● **GIVEN INFORMATION**
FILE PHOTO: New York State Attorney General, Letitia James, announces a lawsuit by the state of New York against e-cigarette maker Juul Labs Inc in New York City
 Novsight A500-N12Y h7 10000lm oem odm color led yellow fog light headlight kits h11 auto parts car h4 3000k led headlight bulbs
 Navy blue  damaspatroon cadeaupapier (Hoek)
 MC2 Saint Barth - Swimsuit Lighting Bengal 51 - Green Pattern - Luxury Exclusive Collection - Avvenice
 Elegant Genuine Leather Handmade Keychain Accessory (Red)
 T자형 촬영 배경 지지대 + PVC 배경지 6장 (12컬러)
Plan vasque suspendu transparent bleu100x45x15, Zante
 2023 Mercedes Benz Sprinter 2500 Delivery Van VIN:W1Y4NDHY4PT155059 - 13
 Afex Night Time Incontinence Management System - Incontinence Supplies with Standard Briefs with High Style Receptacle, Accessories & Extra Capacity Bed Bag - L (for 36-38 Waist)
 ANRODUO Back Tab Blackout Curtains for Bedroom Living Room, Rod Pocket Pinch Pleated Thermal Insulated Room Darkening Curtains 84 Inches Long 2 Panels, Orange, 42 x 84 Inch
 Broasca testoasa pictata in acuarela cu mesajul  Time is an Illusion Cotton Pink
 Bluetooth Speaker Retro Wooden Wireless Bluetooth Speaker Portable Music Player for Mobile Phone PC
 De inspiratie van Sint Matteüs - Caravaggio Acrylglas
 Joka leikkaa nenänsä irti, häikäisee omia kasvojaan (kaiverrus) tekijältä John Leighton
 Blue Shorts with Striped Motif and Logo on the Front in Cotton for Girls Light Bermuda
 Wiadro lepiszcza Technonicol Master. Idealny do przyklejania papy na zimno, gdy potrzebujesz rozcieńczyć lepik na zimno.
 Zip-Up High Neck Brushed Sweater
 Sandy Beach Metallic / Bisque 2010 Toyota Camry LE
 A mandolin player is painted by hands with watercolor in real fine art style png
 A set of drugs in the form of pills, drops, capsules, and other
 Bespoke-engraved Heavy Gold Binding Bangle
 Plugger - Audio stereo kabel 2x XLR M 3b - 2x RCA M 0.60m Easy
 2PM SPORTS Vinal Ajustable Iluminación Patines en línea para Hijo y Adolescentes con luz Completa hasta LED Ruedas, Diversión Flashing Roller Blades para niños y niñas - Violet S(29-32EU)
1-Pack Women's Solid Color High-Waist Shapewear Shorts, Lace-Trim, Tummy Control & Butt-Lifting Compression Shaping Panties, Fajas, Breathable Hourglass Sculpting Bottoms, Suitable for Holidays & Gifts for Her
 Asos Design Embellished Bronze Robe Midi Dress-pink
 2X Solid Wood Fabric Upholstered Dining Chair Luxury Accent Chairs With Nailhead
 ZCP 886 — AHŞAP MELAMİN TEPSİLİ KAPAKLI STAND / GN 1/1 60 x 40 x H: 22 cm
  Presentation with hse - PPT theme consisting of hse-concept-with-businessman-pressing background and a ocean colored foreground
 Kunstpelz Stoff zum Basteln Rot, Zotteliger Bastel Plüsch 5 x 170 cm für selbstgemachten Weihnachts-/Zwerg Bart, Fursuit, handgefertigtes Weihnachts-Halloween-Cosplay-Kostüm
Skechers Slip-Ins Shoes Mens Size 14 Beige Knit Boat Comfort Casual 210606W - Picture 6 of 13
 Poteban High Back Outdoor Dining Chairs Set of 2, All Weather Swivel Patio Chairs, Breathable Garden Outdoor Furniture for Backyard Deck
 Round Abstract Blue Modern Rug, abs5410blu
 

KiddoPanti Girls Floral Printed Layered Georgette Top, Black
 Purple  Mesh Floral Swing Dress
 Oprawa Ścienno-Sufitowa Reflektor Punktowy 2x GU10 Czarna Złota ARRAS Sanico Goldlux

● **THE PROBLEM**
Filter the entries above down to the lines that contain the word "High".

● **WRITTEN SOLUTION**
 Afex Night Time Incontinence Management System - Incontinence Supplies with Standard Briefs with High Style Receptacle, Accessories & Extra Capacity Bed Bag - L (for 36-38 Waist)
 Zip-Up High Neck Brushed Sweater
1-Pack Women's Solid Color High-Waist Shapewear Shorts, Lace-Trim, Tummy Control & Butt-Lifting Compression Shaping Panties, Fajas, Breathable Hourglass Sculpting Bottoms, Suitable for Holidays & Gifts for Her
 Poteban High Back Outdoor Dining Chairs Set of 2, All Weather Swivel Patio Chairs, Breathable Garden Outdoor Furniture for Backyard Deck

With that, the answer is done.